Definition of Above par:
There is an inverse relationship between bond yields and prices. When yields drop due to declining interest rates in the economy, bond prices increase. Conversely, when interest rates rise, bond prices will decline, assuming no negative convexity. The basic reason for the inverse relationship is that an existing yield of a bond must match the yield of a new bond issued in a market with higher or lower prevailing interest rates.
Above par is a term used to describe the price of a bond when it is trading above its face value. A bond usually trades at above par when its income distributions are higher than those of other bonds currently available in the market. This occurs when interest rates have declined so that newly-issued bonds carry lower coupon rates.

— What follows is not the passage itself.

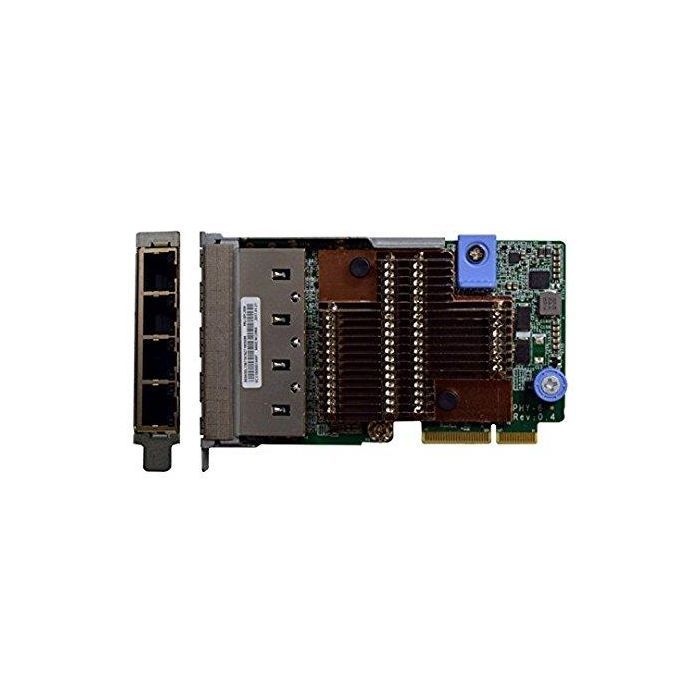 Сетевая карта Lenovo ThinkSystem 1Gb 4-port RJ45 LOM Фото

Better than is usual or expected.
Bond, share, or other security selling at a price higher than its par value is said to be selling at above par or at premium. Bond prices are stated on a scale where the par value (whatever the amount) is assigned the number 100, and the premium is shown as a factor of 100. For example, a bond with a par value of $1,000 and priced at 110 is selling at $1,100. Also called at a premium or at premium.
How to use Above par in a sentence?
- Overall comfort was above par.
- Above par refers to a bond price that is currently greater than its face value.
- Bonds trade above par as interest rates decline, as the issuer's credit rating increases, or when the bond's demand greatly exceeds supply.
- Above par bonds are said to be trading at a premium and the price will be quoted above 100.